Job Submission: Difference between revisions

Revision as of 16:23, 13 November 2024

NU HPC clusters use SLURM workload manager to schedule, distribute, and execute user jobs. SLURM (the name comes from Simple Linux Utility for Resource Management) is free and open-source software used by many, if not most, large HPC facilities throughout the world. Thus, if you happen to have run research calculations at some HPC facility elsewhere, it should be rather easy for you to migrate your jobs and start using NU HPC clusters. On a login node, users arrange their data, write batch scripts, and submit their jobs to the execution queue. The submitted jobs are then put in a pending state until the requested system resources are available and allocated. SLURM will schedule each job to run in the queue according to a predetermined site policy designated to balance competing user needs and to maximize efficient use of the cluster resources.

Absolutely all computational tasks on Shabyt (apart from compiling and very short test runs that use one or just few cores) are supposed to be executed using SLURM workload manager that distributes them across the system in an optimal way. It is extremely important that users do not abuse the management/login node (ln01 in Shabyt) where they log in and do not run long heavy calculations on it interactively or in the background. The function of the management node is to let users compile binaries, transfer data, manage files, prepare input for calculations, and submit jobs. The management node is not a workhorse for heavy calculations.

For a comprehensive guide on SLURM you can refer to its website. A short printable cheat sheet of some useful SLURM commands and parameters is available in this summary.
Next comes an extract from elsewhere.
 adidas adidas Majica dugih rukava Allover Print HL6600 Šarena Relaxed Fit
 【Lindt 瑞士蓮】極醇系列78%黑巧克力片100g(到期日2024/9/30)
Below we will dive into explaining how jobs should be submitted for execution in NU HPC systems and provide some basic examples.

Partitions, QoS, and job limits

Each job’s position and progress in the queue is determined through the fairshare algorithm, which depends on a number of factors (e.g. size of the job, time requirement, job queuing time, partition, QoS, etc). For the information on the available partitions, Quality of Service (QoS), maximum job durations, and maximum number of simultaneously running jobs and CPU cores used, please refer to the corresponding sections on page Policies. Please note that the limits are subject to change.

It is important to keep in mind that your jobs cannot request the duration that exceed the time limit set by our policies. Jobs that request execution times exceeding the limit may still be sent to the queue, but they will stay queued (i.e. will be in a pending state) forever until you change the time requested. Likewise, requesting more RAM for your job than what is physically available will result in your submitted job stay in a pending state forever. One cannot simultaneously use more CPU cores than what is allowed for a single user that belongs to a specific QoS category. For example, if the total CPU core limit is 256 cores for a user and this user currently has four 64-core jobs running, then any new submitted jobs will be placed in a queue in stay in a pending state. They will not start running even if there are resources available to execute them. They will be pending until one or all of the four running jobs finish.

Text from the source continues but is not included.